Union members have voted overwhelmingly in favour of strike action over changes to UK higher education’s biggest pension scheme, it was announced on 22 January. Eighty-eight per cent of University and College Union members who took part in the ballot voted to walk out after Universities UK proposed scrapping the element of the Universities Superannuation Scheme that guarantees a certain level of pension income in retirement. UCU said that, if a deal cannot be reached, 14 days of strike action would be held at the 61 institutions where ballots met the required 50 per cent turnout threshold, starting with a two-day walkout on 22 and 23 February. Talks were continuing as Times Higher Education went to press
Exams in mathematics and computer sciences at the University of Oxford have been extended in a bid to close a growing gender gap in attainment, The Sunday Times reported on 21 January. Undergraduates were given 105 minutes to complete papers last summer, rather than 90 minutes, “with no change in length or difficulty of questions”. The change was aimed at reducing “the undue effects of time pressure”, which is thought to have a greater impact on female students. Oxford said that third-year students showed an improvement in their marks on the extended tests. “While there is clearly more progress to be made, the departments will continue with the longer papers for the foreseeable future, monitoring the exam data carefully,” the university said. Maths has one of the biggest gender variations in results at Oxford, the report said: only 21.2 per cent of women on the course graduated with a first last year, compared with 45.5 per cent of men.

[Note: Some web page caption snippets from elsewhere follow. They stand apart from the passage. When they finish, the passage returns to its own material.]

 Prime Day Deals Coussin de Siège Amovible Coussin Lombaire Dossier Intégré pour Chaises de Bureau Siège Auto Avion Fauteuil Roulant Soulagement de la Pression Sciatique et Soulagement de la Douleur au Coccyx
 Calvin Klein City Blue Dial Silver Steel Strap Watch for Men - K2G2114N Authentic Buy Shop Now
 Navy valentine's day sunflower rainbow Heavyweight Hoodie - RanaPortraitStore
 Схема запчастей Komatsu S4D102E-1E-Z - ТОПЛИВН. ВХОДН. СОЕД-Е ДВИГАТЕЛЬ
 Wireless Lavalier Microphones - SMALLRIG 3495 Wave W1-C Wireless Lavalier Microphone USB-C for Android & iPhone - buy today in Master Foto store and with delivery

Students at the University of Exeter have been left feeling like muggles after Harry Potter author J. K. Rowling scotched a long-standing rumour that a pub in the city inspired a location in the novels. The author is an Exeter alumna – having achieved a 2:2 in French with Greek and German – which fuelled speculation that The Old Fire House had served as the inspiration for wizarding pub The Leaky Cauldron. However, after the pub was sold for a figure believed to be between £3 million and £4 million, Ms Rowling took to social media to dismiss the link, Plymouth newspaper The Herald reported on 17 January. “If you want real fantasy, go to an estate agent,” she tweeted. “Never visited this pub in my life.” With a price tag like that, let’s hope that the buyers weren’t relying on trading on the Potter link to recoup their outlay.

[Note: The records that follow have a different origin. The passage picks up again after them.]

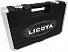 Licota ALK-0007P Набор торцевых головок 3/8" 12-ти гранных spline 37 пр., 6-24 мм-4004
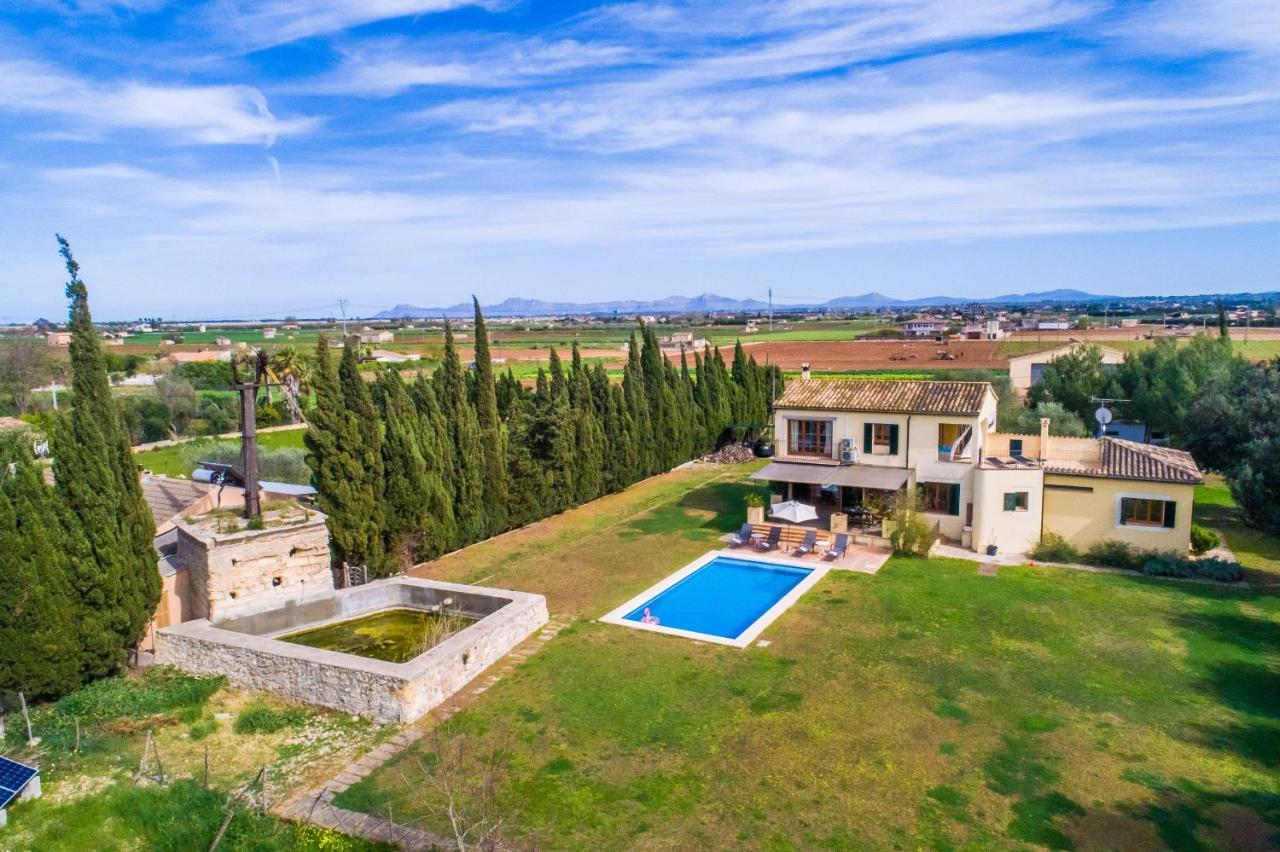 Traumhafte Finca Son Senyor - Mit Pferdekoppel Villa Sa Pobla Exteriör bild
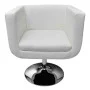 Taburetes de cocina 2 unidades cuero artificial blanco de vidaXL, Sillones - Ref: Foro24-160439, Precio: 359,62 €, Descuento: %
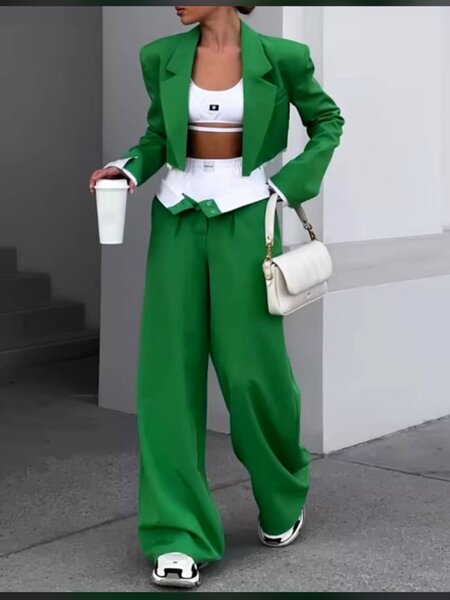 Ensemble Tailleur Vert Femme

“Universities luring millennials to communism, leading don warns”, thundered The Times on 17 January. While the story didn’t quite back up the headline, the don in question was Orlando Figes, professor of history at Birkbeck, University of London, and the cause for concern was a poll that found that 24 per cent of 18- to 24-year-olds viewed big business as a serious danger to the world, compared with 9 per cent who were worried about communism. What Professor Figes did say was that the drive for balance and moral relativism in universities and textbooks risked minimising Stalin’s crimes. “That sort of moral equivalence is unhelpful, because even the ‘good’ things [Stalin] did were done with such rates of murder and destruction that they can’t be counted as good,” Professor Figes said. Writing in the New Statesman, Stephen Bush questioned how helpful it was to poll young people about their views on communism. “It’s a lot like asking young people which is a bigger threat: a mugger or a sabretooth tiger. Sabretooth tigers are extinct so quite clearly the correct answer is ‘the mugger’,” he wrote.

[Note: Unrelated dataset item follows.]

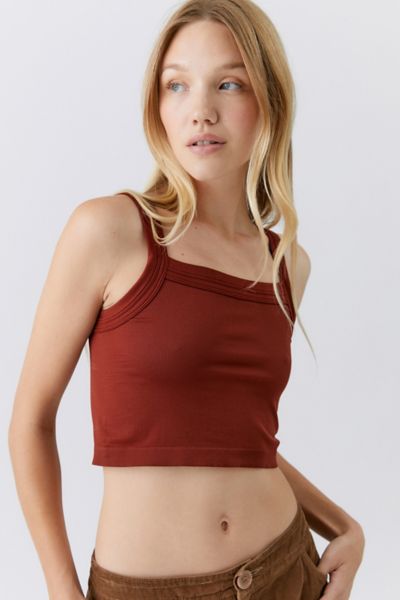 Out From Under Outsiders Seamless Bra Top In Red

By the time they have finished their theses, many doctoral students are glad to see the back of their dissertations. Not so Grace Lindsay, a neuroscience postdoc at Columbia University, who tweeted on 17 January that she had had the text of her thesis printed on a scarf. Online, scholars seemed intrigued rather than horrified by the prospect of having a dissertation as a weight around the neck (albeit a lightweight one) long after they have completed it, retweeting the post about 24,000 times. However, as a mode of scholarly communication, the scarves do have their limitations: Massachusetts-based manufacturer Litographs says that it can squeeze only about 30,000 words on to the garment, so preparing the accessory demands some careful editing.